Essentially the table is our proverbial haystack. The “COMMON0001” rows are the hay, and the “SPARSE0002” rows are the needles 🙂

Let’s examine how the database will execute these two queries:

SELECT * FROM TESTWORKLOAD WHERE testname = 'COMMON0001';
SELECT * FROM TESTWORKLOAD WHERE testname = 'SPARSE0002';

Select both of them and, in management studio, press Control+L or the “Display estimated execution plan” button. What you will see is this:

What you see here is that both queries will do a full table scan. That means that the database will go and grab every single row from the table, look at the rows one by one, and give us only the ones who match (the ones with COMMON0001 or SPARSE0002, respectively).

That’s ok when you don’t have a lot of rows (say, up to 5 or 10 thousand), but it’s terribly slow when you have a lot (like our 2 million).

So let’s create an index for that:

CREATE NONCLUSTERED INDEX [IX_testname] ON [dbo].[TESTWORKLOAD]
(
	[testname] ASC
)
GO

And here’s where you watch the magic happen.
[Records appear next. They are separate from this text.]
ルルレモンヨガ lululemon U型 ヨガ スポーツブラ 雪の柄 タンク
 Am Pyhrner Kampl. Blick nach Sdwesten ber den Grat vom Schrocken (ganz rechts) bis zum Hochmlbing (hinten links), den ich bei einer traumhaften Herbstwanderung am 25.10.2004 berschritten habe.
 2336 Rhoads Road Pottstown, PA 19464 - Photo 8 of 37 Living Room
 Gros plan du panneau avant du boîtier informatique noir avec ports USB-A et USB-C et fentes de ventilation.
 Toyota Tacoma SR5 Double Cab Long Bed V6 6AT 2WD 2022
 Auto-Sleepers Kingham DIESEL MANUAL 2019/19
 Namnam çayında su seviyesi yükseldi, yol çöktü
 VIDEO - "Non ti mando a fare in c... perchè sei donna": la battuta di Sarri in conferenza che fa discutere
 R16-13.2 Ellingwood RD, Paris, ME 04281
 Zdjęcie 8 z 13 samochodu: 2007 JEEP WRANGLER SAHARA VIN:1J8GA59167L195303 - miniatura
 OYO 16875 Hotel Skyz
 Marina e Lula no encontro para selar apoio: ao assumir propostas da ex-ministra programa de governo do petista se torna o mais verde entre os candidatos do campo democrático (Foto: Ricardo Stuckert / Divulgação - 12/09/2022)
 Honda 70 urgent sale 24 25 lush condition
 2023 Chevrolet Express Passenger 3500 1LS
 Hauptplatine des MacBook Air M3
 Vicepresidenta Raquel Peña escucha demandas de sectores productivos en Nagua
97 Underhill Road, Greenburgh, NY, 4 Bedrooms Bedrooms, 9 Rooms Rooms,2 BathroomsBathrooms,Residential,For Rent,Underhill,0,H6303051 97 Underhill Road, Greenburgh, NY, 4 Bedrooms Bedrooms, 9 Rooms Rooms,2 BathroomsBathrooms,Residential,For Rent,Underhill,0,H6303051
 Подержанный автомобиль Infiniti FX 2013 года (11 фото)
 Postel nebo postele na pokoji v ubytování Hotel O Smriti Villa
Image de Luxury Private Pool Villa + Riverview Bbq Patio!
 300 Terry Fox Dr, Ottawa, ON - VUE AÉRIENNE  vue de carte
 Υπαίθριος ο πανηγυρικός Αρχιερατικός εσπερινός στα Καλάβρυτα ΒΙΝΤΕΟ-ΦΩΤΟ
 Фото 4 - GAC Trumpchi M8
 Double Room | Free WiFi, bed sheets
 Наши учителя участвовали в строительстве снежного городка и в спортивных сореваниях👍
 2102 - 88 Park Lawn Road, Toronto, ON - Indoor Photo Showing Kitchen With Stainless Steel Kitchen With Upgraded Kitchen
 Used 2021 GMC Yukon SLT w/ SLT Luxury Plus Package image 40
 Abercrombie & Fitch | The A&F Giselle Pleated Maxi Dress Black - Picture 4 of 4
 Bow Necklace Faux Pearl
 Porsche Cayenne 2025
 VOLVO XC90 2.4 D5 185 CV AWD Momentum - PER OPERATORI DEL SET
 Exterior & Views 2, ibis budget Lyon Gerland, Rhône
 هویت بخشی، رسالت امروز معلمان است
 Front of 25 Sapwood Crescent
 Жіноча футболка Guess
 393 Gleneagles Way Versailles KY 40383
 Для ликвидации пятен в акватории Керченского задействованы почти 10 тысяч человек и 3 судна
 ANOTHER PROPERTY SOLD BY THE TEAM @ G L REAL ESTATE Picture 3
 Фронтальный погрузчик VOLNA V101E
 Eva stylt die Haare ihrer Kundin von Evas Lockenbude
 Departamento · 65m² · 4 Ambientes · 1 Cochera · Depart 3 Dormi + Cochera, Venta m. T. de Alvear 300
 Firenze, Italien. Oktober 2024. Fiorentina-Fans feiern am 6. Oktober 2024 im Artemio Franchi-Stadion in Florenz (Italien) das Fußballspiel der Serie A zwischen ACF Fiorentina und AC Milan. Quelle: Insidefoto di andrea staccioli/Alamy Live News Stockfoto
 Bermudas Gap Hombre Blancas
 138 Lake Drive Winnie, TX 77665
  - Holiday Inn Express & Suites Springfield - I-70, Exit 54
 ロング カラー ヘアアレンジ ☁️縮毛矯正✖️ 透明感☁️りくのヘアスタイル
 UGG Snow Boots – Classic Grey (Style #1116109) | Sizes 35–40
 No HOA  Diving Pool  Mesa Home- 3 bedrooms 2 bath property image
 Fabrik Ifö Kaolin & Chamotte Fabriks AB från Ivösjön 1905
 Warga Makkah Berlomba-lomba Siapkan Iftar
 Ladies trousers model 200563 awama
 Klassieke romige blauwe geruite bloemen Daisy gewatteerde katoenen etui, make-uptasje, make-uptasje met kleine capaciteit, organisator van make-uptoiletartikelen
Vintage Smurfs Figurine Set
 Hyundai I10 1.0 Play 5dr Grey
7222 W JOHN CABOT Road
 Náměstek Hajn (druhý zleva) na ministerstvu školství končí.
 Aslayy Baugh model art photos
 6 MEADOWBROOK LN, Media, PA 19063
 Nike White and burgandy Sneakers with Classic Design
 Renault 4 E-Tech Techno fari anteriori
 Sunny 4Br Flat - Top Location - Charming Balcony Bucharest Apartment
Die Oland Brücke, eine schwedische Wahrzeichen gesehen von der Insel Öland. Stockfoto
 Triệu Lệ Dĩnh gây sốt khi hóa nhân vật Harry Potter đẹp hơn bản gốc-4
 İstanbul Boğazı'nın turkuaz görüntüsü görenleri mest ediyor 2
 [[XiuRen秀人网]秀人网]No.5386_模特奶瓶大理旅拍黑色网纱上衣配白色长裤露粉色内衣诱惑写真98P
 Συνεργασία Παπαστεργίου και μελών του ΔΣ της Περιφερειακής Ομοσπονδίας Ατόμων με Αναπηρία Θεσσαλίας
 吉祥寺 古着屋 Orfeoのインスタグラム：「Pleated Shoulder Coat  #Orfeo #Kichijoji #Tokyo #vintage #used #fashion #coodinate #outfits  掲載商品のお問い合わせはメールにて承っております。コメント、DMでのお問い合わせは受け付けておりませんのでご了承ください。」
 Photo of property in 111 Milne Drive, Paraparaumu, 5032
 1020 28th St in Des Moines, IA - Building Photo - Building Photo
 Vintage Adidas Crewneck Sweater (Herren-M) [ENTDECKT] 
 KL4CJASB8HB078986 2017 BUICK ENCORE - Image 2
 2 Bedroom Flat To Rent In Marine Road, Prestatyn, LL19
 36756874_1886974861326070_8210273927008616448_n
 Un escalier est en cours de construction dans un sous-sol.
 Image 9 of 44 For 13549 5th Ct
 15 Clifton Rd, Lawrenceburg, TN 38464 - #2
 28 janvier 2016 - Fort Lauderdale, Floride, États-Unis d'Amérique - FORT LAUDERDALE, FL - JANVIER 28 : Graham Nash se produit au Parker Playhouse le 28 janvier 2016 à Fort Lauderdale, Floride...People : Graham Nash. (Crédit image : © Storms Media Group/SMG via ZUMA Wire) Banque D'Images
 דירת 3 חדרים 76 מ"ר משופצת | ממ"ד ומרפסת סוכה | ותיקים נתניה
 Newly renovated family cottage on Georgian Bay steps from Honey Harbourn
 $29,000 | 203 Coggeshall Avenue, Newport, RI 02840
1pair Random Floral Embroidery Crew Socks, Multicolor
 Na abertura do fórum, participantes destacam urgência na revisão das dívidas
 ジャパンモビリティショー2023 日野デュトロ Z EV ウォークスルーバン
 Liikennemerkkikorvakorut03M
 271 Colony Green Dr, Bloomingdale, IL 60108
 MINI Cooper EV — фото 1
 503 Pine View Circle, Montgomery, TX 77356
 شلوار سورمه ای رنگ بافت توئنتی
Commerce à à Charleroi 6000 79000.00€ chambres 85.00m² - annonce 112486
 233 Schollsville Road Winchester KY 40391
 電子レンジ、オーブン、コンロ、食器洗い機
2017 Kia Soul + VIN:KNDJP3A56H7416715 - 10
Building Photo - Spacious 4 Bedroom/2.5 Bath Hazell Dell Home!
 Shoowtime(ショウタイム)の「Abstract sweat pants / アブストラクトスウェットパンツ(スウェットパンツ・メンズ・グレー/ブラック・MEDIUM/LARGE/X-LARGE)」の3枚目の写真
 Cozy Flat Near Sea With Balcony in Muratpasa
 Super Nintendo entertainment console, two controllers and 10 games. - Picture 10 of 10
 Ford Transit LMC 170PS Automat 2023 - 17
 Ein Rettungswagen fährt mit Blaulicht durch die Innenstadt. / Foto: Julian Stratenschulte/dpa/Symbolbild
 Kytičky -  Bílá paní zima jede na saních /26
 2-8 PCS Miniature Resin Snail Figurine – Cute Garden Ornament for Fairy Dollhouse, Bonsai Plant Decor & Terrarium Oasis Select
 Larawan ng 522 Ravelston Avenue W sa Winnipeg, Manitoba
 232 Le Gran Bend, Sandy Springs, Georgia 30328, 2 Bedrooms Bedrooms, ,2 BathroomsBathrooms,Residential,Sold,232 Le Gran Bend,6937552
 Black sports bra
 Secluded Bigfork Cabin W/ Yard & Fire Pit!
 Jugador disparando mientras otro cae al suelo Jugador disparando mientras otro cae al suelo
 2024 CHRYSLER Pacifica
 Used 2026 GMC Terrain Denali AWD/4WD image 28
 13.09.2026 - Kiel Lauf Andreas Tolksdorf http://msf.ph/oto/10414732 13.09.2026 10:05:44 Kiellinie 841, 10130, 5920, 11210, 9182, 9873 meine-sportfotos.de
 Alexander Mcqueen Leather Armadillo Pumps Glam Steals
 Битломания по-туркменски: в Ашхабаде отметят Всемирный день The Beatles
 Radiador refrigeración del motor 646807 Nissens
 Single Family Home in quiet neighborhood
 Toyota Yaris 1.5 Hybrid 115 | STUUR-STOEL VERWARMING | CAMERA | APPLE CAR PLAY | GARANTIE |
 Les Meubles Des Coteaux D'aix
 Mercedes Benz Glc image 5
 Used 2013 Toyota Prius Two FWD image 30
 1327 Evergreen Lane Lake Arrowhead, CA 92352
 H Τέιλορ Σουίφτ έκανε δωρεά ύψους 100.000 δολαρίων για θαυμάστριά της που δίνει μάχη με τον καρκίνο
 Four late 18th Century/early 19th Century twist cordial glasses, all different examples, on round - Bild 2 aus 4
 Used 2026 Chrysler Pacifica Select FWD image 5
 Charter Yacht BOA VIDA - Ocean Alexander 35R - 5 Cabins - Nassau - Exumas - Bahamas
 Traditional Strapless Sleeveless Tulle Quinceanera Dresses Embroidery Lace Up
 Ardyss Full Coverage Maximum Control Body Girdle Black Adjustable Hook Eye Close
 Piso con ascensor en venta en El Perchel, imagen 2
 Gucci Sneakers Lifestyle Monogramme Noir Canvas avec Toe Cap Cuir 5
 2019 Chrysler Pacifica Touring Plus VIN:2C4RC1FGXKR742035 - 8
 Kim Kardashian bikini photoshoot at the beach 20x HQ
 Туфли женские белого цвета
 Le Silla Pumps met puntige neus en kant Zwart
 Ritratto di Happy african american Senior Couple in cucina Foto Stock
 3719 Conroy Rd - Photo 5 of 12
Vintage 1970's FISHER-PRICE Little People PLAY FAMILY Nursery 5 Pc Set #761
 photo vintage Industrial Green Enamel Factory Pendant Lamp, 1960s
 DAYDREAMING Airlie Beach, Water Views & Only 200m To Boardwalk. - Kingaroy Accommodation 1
Select the same queries as above and press Control+L (or the “Display estimated execution plan” button) again. Voila:

What you see here is that, even though the only difference between the two queries is the filter value, the execution plan changes.

Why does this happen? And how?

Well, here’s where statistics are handy. On the Object Explorer of management studio, expand (the “+”) our database and table, and then the “Statistics” folder.

You can see the statistic for our index, IX_testname. If you open it (double click and then go to “details”) you see the following:

So (I’m simplifying a bit here, but not a lot) the database knows how many rows have the value “COMMON0001” (2 million) and how many the value “SPARSE0002” (just 20).

Knowing this, it concludes (that’s the job of the query optimizer) that the best way to execute the 2 queries is different:

The first one (WHERE testname = ‘COMMON0001’) will return almost all the rows of the table. Knowing this, the optimizer decides that it’s faster to just get everything (aka Full Table Scan) and filter out the very few rows we don’t need.

For the second one (WHERE testname = ‘SPARSE0002’), things are different. The optimizer knows that it’s looking only for a few rows, and it’s smartly using the index to find them as fast as possible.

In plain English, if you want the hay out of a haystack, you just get the whole stack. But if you’re looking for the needles, you go find them one by one.